Reprint the full listing exactly.

*** SOURCE MATERIAL Section Begins ***

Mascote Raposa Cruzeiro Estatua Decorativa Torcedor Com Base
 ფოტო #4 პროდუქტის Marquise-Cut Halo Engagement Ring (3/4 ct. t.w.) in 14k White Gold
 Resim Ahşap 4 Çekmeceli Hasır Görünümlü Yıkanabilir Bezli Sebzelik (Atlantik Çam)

*** SOURCE MATERIAL Section Ends ***

* _TASK ANSWER_
Mascote Raposa Cruzeiro Estatua Decorativa Torcedor Com Base
 ფოტო #4 პროდუქტის Marquise-Cut Halo Engagement Ring (3/4 ct. t.w.) in 14k White Gold
 Resim Ahşap 4 Çekmeceli Hasır Görünümlü Yıkanabilir Bezli Sebzelik (Atlantik Çam)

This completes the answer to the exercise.